Essen. „Newcomerin“ und Rapperin Liser macht eigentlich schon eine Weile Musik – und findet langsam auch Gehör, unter anderem im Mai in Düsseldorf.
Viel hat man von Liser, die eigentlich Lisa Klingler heißt, vielleicht noch nicht gehört, aber geht es nach der jungen Musikerin, ändert sich das ganz schnell. Die ersten Schritte in Richtung große Bühne sind bereits getan, die aus Bayern stammende und in Köln lebende Deutschrapperin hat sich in den vergangenen zwei Jahren mit mehreren Singles und Liveauftritten eine erste Fangemeinde aufgebaut.

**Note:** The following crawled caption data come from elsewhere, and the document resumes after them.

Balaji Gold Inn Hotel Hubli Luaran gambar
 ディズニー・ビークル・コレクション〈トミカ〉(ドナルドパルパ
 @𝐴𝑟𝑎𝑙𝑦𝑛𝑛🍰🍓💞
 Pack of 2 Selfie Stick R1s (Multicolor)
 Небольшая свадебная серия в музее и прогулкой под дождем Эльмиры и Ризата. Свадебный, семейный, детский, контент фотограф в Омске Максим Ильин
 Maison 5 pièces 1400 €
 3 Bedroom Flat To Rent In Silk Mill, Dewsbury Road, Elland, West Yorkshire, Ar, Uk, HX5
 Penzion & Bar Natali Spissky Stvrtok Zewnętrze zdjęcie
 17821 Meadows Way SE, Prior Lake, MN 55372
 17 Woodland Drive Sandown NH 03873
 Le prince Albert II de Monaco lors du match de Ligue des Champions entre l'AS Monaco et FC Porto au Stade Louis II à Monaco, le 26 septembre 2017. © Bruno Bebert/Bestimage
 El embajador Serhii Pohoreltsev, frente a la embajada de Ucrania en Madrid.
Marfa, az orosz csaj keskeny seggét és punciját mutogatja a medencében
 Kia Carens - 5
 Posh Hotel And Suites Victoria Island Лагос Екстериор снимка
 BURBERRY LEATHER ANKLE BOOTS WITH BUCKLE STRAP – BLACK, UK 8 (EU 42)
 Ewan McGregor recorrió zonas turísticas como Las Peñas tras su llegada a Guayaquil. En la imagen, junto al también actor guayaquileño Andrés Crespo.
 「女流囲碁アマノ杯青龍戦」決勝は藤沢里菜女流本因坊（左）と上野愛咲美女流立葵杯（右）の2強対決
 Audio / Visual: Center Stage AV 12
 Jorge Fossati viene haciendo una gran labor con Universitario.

Im vergangenen Jahr wurde sie außerdem mit dem PopNRW-Preis als „Beste Newcomerin“ ausgezeichnet. Ihre Songs sind feministisch, ehrlich, selbstbewusst, manchmal feinfühlig und leise, manchmal wütend und laut. Mit Maxi Strauch sprach die 25-Jährigen über den Berufswunsch Popstar und die Frauenrolle im Deutschrap.
Sie wurden im vergangenen Jahr mit dem PopNRW-Preis als „Beste Newcomerin“ ausgezeichnet, was bedeutet Ihnen diese Ehrung?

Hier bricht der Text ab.